Expenses. Salaries and benefits expense increased $1.4 million or 8.2% to $18.4
million for the three months ended March 31, 1999 from $17.0 million for the
three months ended March 31, 1998. This increase is primarily the result of the
Company's service expansion which includes on-site call center staffing
and management services for a major telecommunications company.
Telecommunications expense decreased $0.5 million or 35.7% to $0.9 million for
the three months ended March 31, 1999 from $1.4 million for the same period in
1998. The decrease is primarily the result of lower negotiated long distance
rates and lower call volume.
Occupancy expense decreased $0.1 million or 9.1% to $1.0 million for the three
months ended March 31, 1999 from $1.1 million for the same period in 1998. The
company closed its Atlanta data center and consolidated these operations into
the Phoenix data center in May 1998 and closed the Denver facility in February
1999.
Other operating and administrative expense decreased $0.4 million or 10.8% to
$3.3 million for the three months ended March 31, 1999 from $3.7 million for the
same period in 1998. The decrease is the result of the continuation of the
Company's operating improvement plan.
Depreciation and amortization expense decreased $3.7 million or 60.7% to $2.4
million for the three months ended March 31, 1999 from $6.1 million for the same
period ended March 31, 1998. The decrease was primarily the result of the
amortization of the value of existing placements of $3.6 million for the three
months ended March 31, 1998, as compared to no amortization for the same period
in 1999. The value of existing placements of $14.5 million was amortized over 12
months in 1998.
Provision for Employee Severance and Office Closure: Provision for employee
severance and office closure for the three months ended March 31, 1999, was $0.2
million, all of which related to employee severance.

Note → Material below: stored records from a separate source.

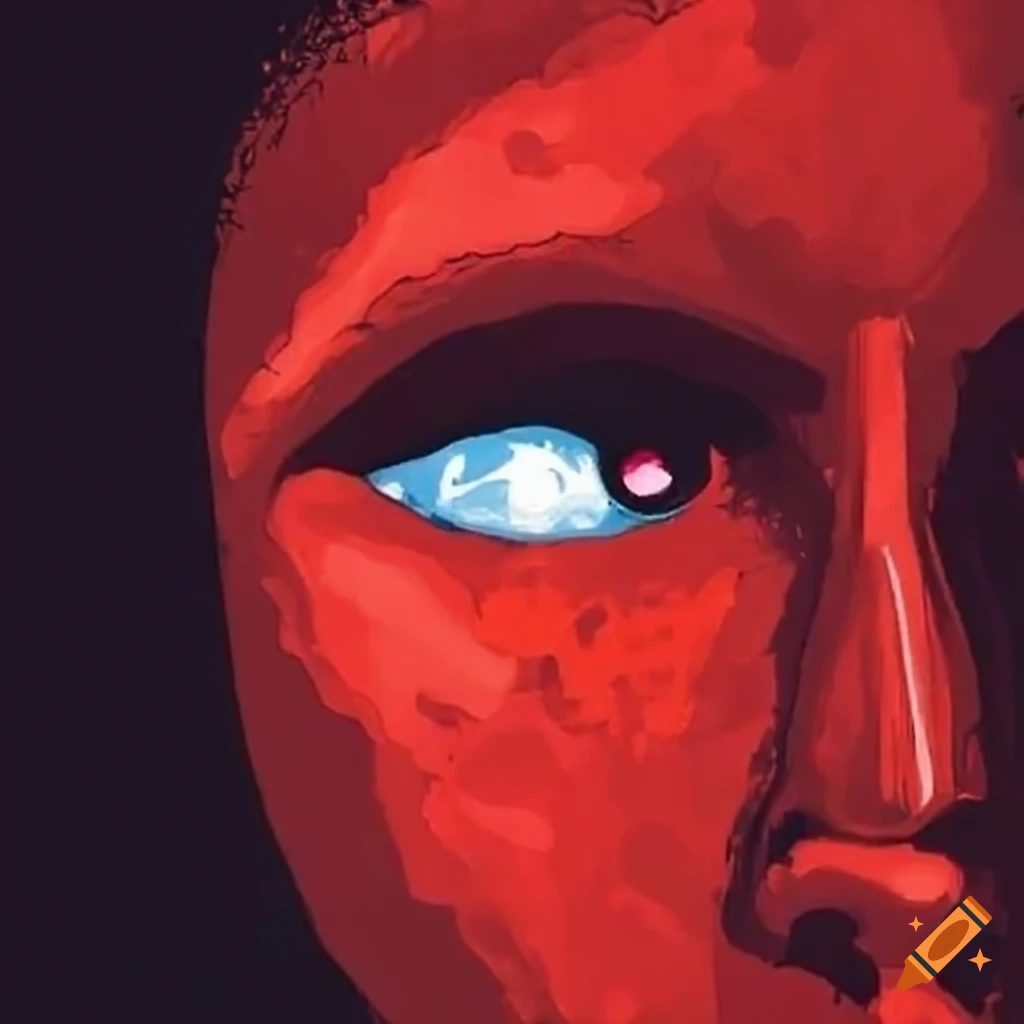 close-up of a red mask with an opera scene inside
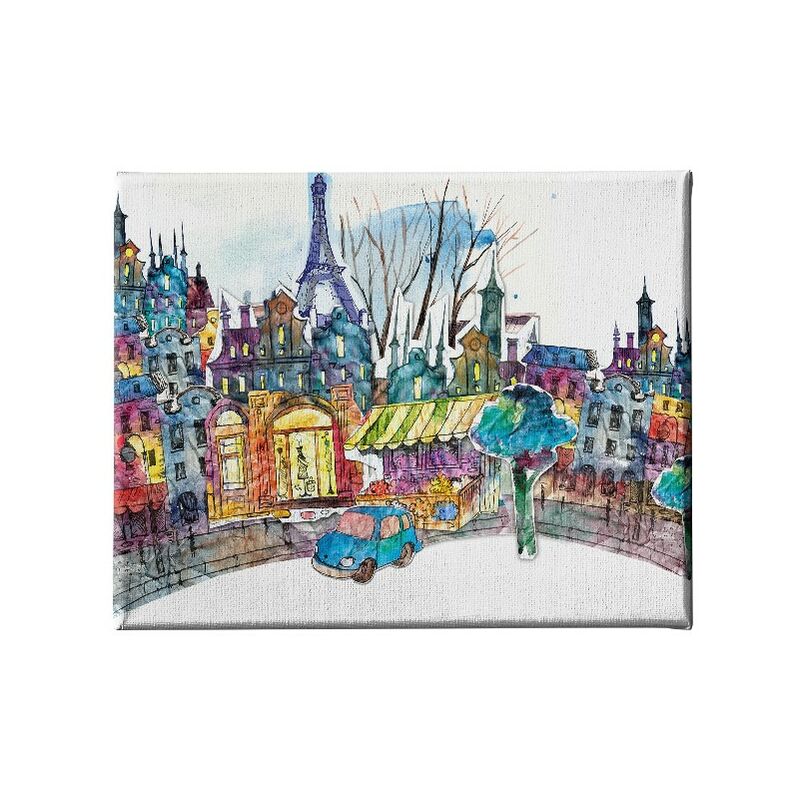 

Homemania - Cuadro Eiffel Tours - Arte y Graffiti - para la sala de estar, la habitacion - Multicolor en Poliester, madera, 45 x 3 x 70 cm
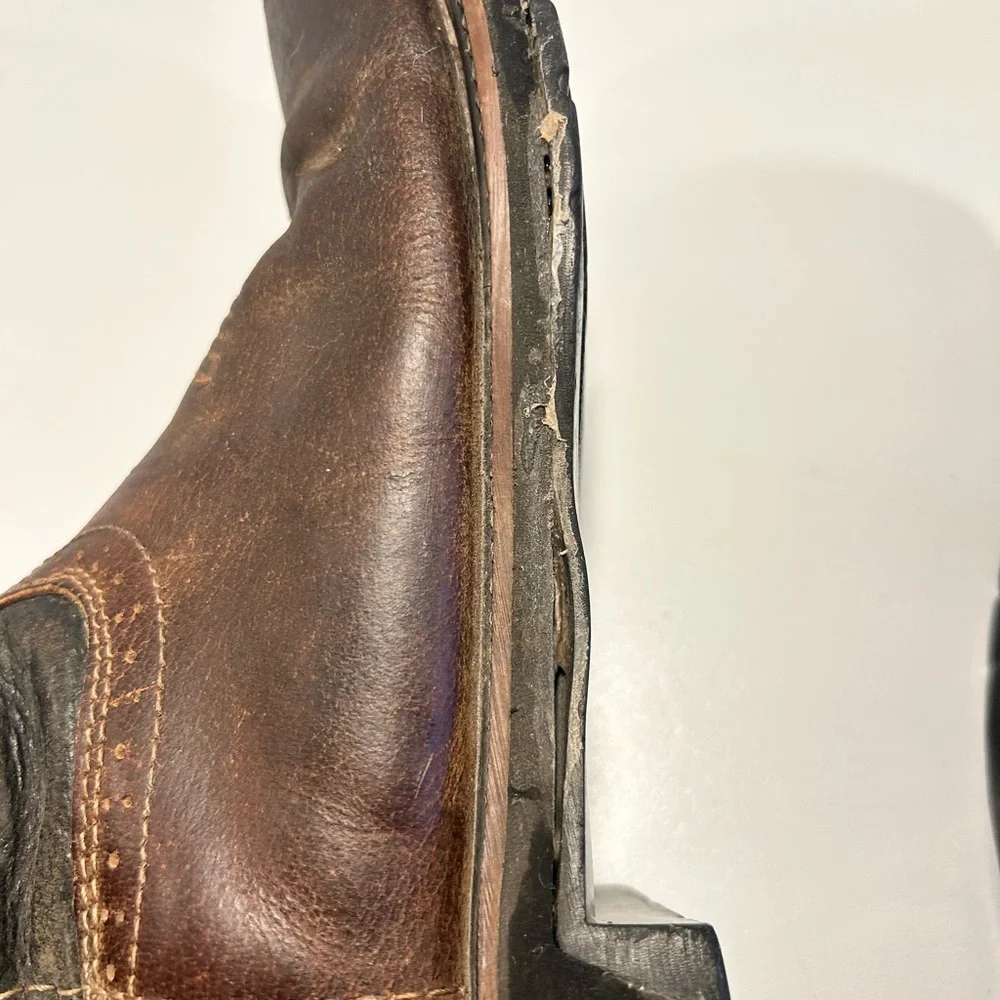 Justin Boots Men’s 8D Brown Leather Pull-On Work Boots AS IS Beaters - Picture 12 of 15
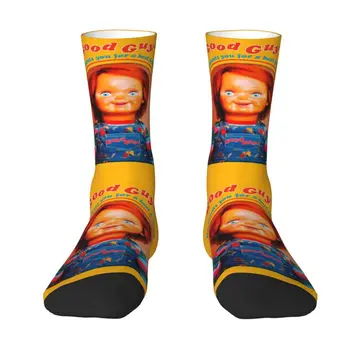 Носки из фильмов в стиле ретро Kawaii Chucky Женские Мужские Теплые спортивные носки с 3D принтом Child's Play Chucky Football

Operating Income. Operating income was $1.0 million for the three months ended
March 31, 1999, an increase of $0.5 million or 100.0% from $0.5 million for the
same period in 1998. This increase is primarily due to the decrease in
amortization expense of $3.7 million, a decrease in telecommunications expenses
of $0.4 million and other operating and administrative expenses of $0.4 million,
offset by a decrease in revenue of $2.6 million, and an increase in salaries and
benefits of $1.4 million.
Interest Expense. Interest expense relating to the Term Loan Facility and Senior
Notes was $3.1 million for the three months ended March 31, 1999 compared to
$4.1 million for the same period in 1998 due to the write-off of $1.1 million
related to the cost of interim financing of the Transaction in January 1998.

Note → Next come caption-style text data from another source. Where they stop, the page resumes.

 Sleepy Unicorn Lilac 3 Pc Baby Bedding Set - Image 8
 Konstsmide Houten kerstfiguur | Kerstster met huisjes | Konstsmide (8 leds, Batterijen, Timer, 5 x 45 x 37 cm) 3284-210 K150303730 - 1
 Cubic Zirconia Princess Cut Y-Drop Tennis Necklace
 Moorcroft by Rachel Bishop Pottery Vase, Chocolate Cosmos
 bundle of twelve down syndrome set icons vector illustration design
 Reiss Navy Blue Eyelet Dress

Extraordinary Loss. The extraordinary loss in the first quarter ended March 31,
1998 of $0.8 million represents the write-off of deferred debt issuance costs
related to interim financing of the Transaction.

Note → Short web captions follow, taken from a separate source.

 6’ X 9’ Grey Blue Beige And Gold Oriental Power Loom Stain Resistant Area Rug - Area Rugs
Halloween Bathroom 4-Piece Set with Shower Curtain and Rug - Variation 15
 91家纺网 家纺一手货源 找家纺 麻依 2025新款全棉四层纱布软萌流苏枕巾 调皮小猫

Net Loss. The Company incurred a net loss for the three months ended March 31,
1999 of $2.2 million as compared to a net loss of $4.3 million in the same
period of 1998.
Liquidity and Capital Resources
Cash provided by operating activities was $0.6 million for the three months
ended March 31, 1999 as compared to $6.2 million for the three months ended
March 31, 1998, a decrease of $5.6 million primarily due to cash interest paid
of $5.7 million on the Senior Notes and the Term Loan Facility in the first
quarter of 1999.
Cash used in investing activities for the three months ended March 31, 1999 was
$0.2 million and $158.4 million for the three months ended March 31, 1998. The
Company's principal use of cash in investing activities during 1999 was for
capital expenditures, primarily for new computer and telecommunications
equipment. The Acquisition of $157.3 million in 1998 represents the purchase of
the Company (see Note 1).
Cash used in financing activities was $63,000 for the three months ended March
31, 1999 representing the required quarterly repayment of the seven-year term
loan facility. Cash provided by financing activities was $157.2 million for the
three months ended March 31, 1998, representing the funding of the Transaction.
Substantially all the agreements relating to the Company's outstanding
indebtedness contain covenants that impact the Company's liquidity and capital
resources, including financial covenants and restrictions on the incurrence of
indebtedness and liens and asset sales.
On March 17, 1999, the Company negotiated an amendment to the Revolving Credit
Facility that revises the cumulative EBITDA and related ratio covenants to
reflect the Company's revised EBITDA expectations. The Company was in compliance
with the revised covenants as of March 31, 1999.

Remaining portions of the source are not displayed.